··· STUDY MATERIAL ···

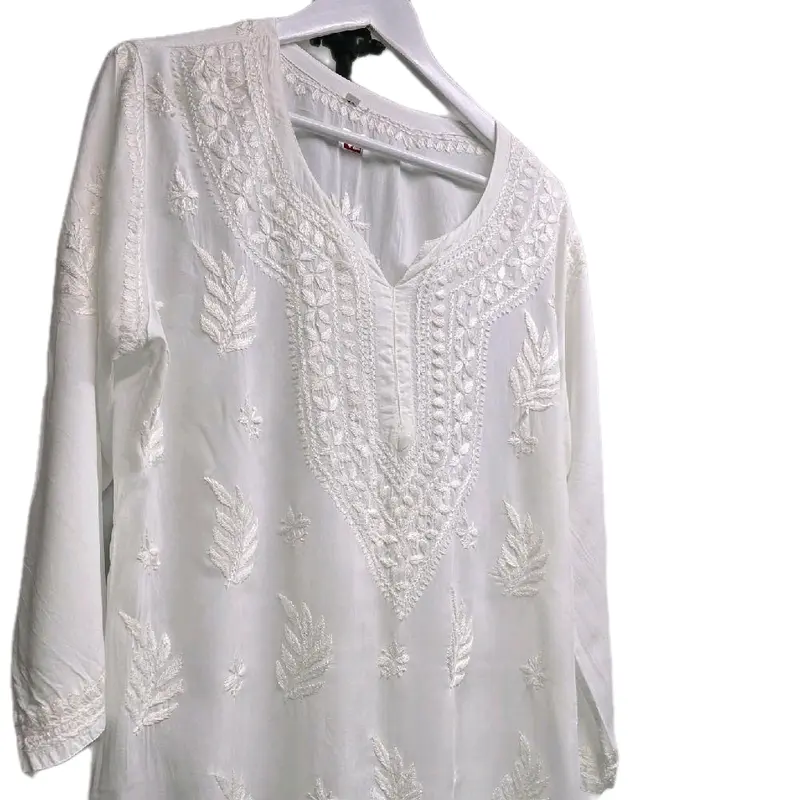 Short length hand embroidered shirts Womenswear Top Fabric Linen Blouse Comfort 4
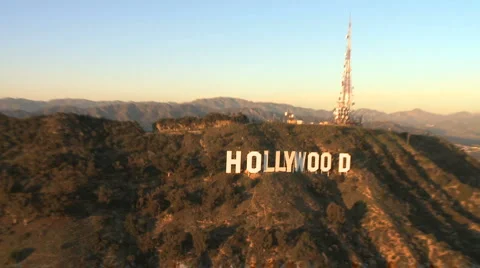 Aerial View of the Hollywood Sign - Los Angeles - Clip 3 Stock Footage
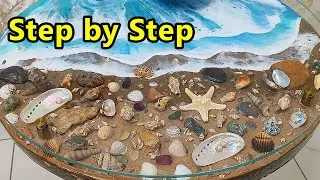 DIY Epoxy Ocean Table with Shells & Pearls | Full Narrated Tutorial
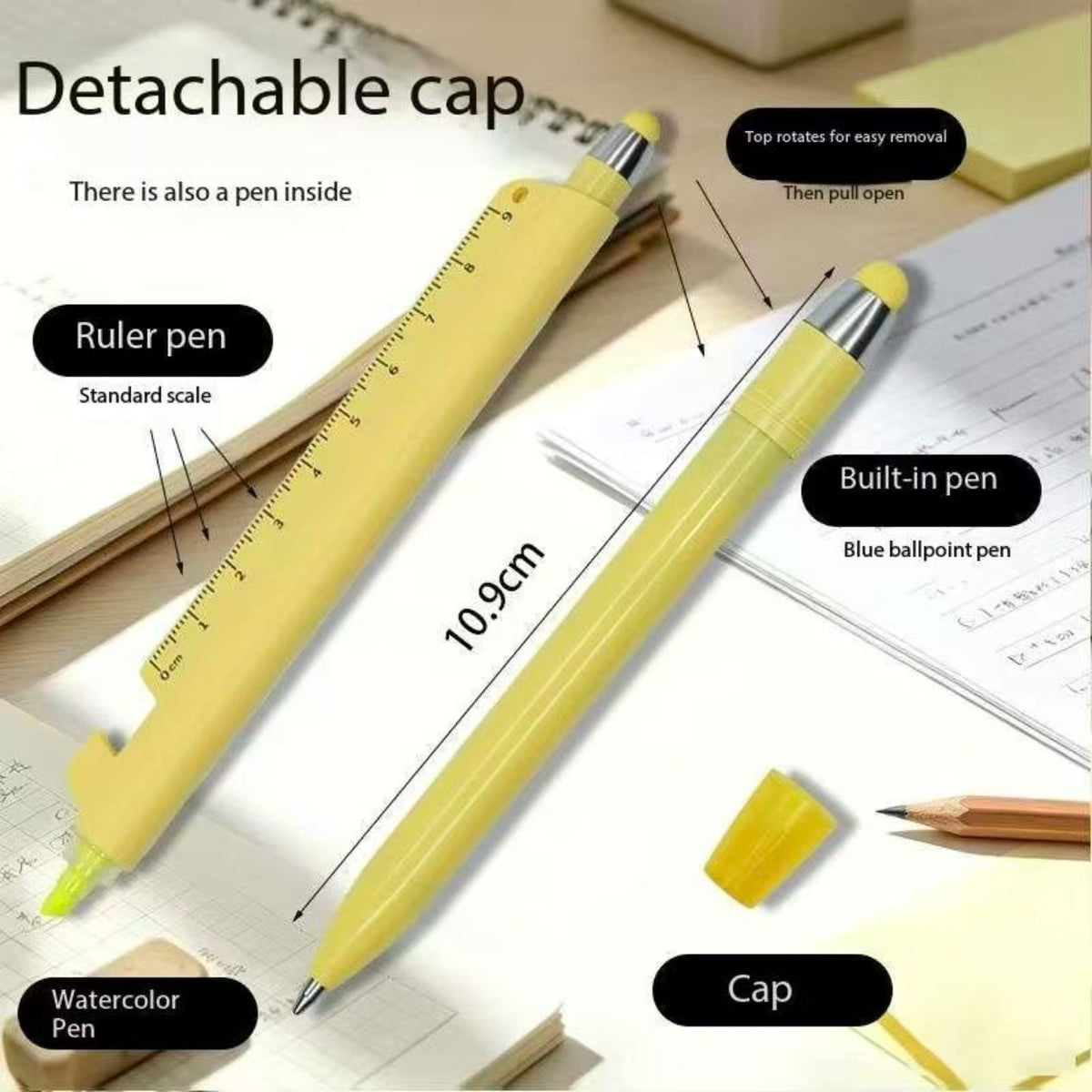 5-in-1 Multifunction Pastel Pen – Gel Pen, Highlighter, Stylus, Ruler & Phone Stand | Cute Macaron School & Office Pen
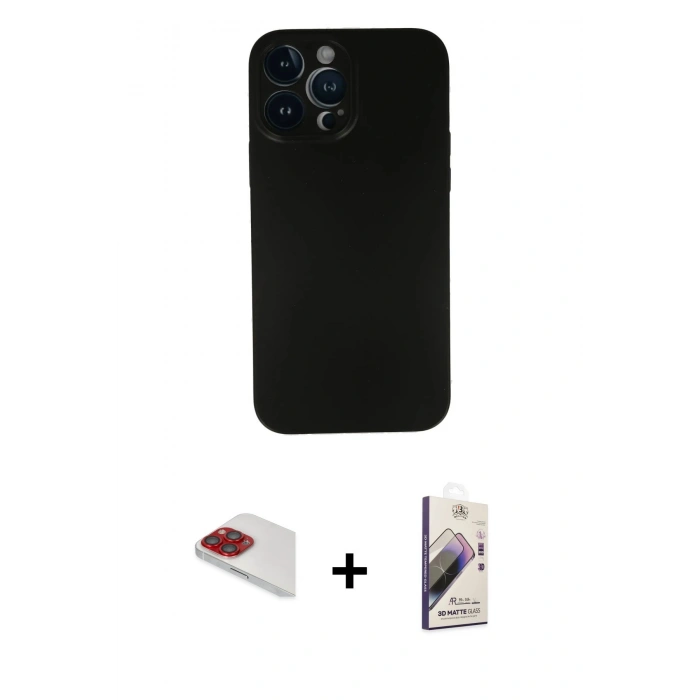 MARSİLYAN™- iPhone 13 Pro Max Kılıf Yadigar Yansıma Serisi - Siyah Bilvis 3D Mat Cam Ekran Koruyucu + Kırmızı Pers Alüminyum Kamera Lens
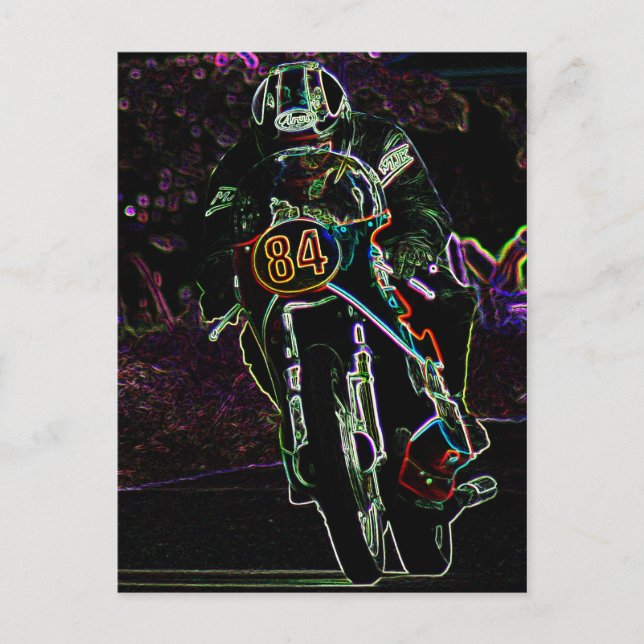 Motorcykel 2 pccna vykort (Framsida)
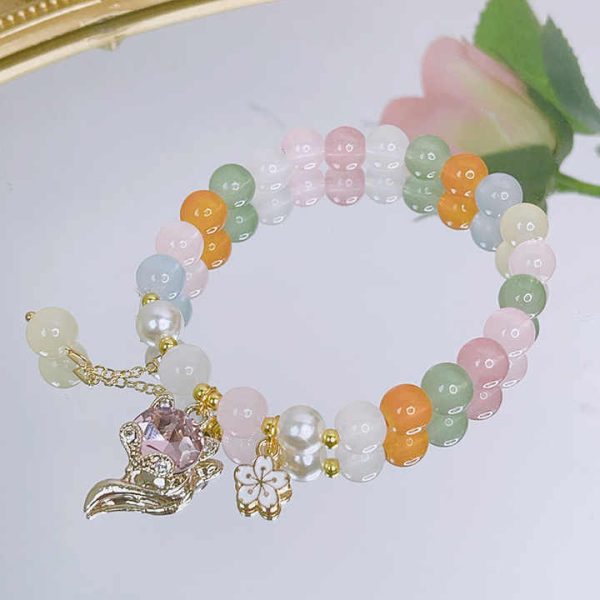 Wholesale Colorful Popping Crystal Beads Bracelets Kids Princess Cartoon Butterfly Moon Star Cute Charm Bracelets for Teen Girls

···

[THE PROBLEM] The data shown above must be printed again exactly, with no images included.

[SOLUTION FOR THIS EXERCISE]
 Short length hand embroidered shirts Womenswear Top Fabric Linen Blouse Comfort 4
 Aerial View of the Hollywood Sign - Los Angeles - Clip 3 Stock Footage
 DIY Epoxy Ocean Table with Shells & Pearls | Full Narrated Tutorial
 5-in-1 Multifunction Pastel Pen – Gel Pen, Highlighter, Stylus, Ruler & Phone Stand | Cute Macaron School & Office Pen
 MARSİLYAN™- iPhone 13 Pro Max Kılıf Yadigar Yansıma Serisi - Siyah Bilvis 3D Mat Cam Ekran Koruyucu + Kırmızı Pers Alüminyum Kamera Lens
 Motorcykel 2 pccna vykort (Framsida)
 Wholesale Colorful Popping Crystal Beads Bracelets Kids Princess Cartoon Butterfly Moon Star Cute Charm Bracelets for Teen Girls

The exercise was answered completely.